* [Data for analysis]:
------------------------------------------------
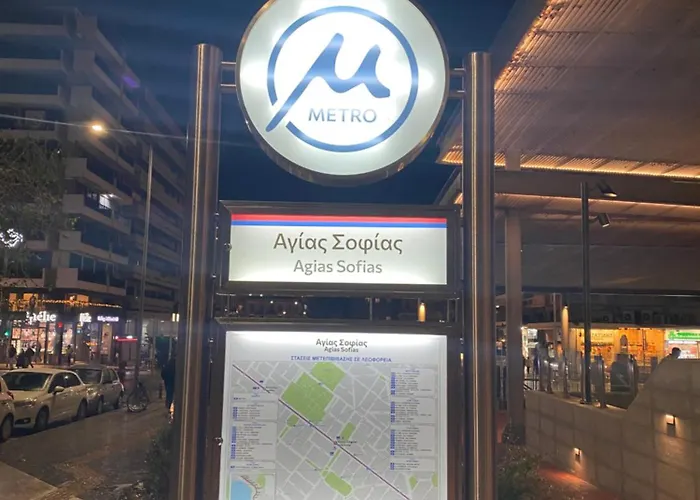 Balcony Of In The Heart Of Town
------------------------------------------------
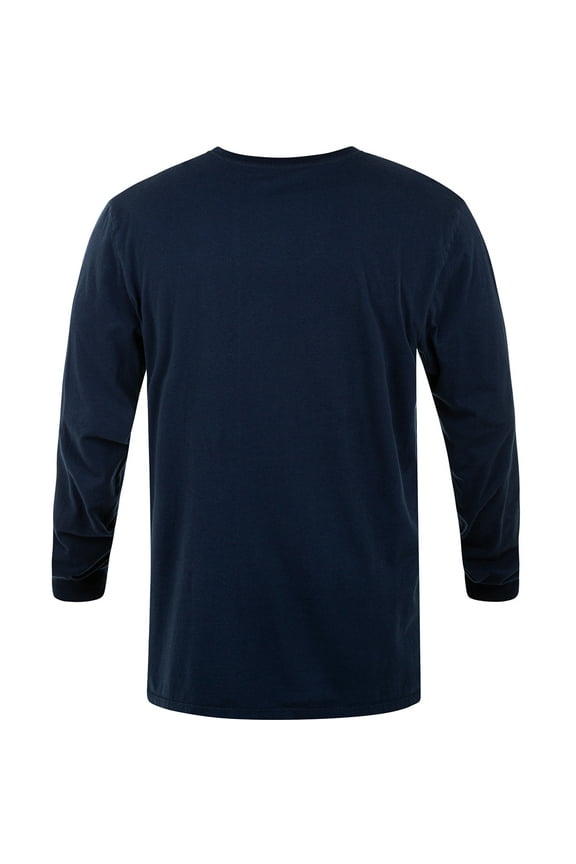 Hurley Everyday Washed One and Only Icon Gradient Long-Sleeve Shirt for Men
------------------------------------------------
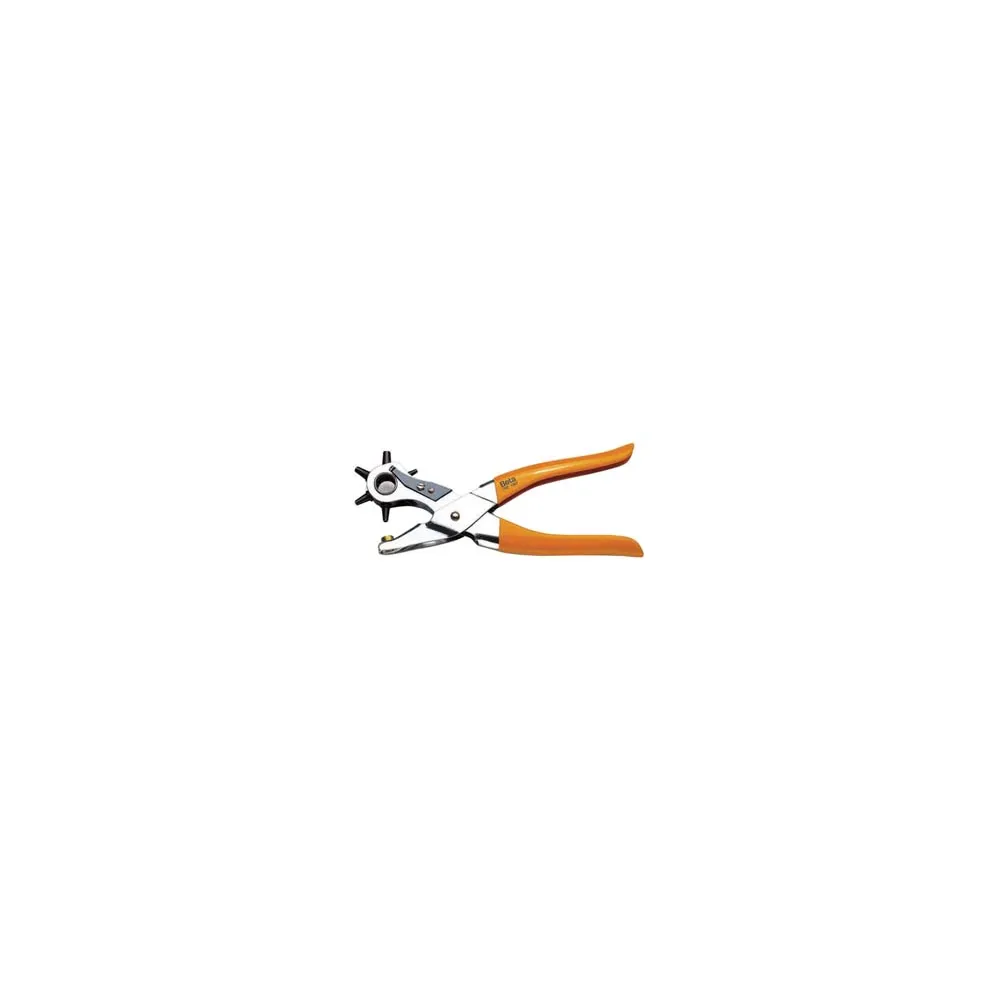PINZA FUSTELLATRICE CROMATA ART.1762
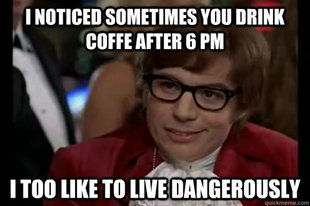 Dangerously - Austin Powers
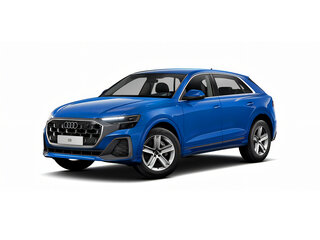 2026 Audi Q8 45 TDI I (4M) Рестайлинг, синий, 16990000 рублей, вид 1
------------------------------------------------
* [Work instructions]:
In the records above, find the line containing "Dangerously - Austin Powers" and the line containing "2026 Audi Q8", then give both of them again word for word along with every line between. Omit any pictures.

* [Task answer]:
 Dangerously - Austin Powers
 2026 Audi Q8 45 TDI I (4M) Рестайлинг, синий, 16990000 рублей, вид 1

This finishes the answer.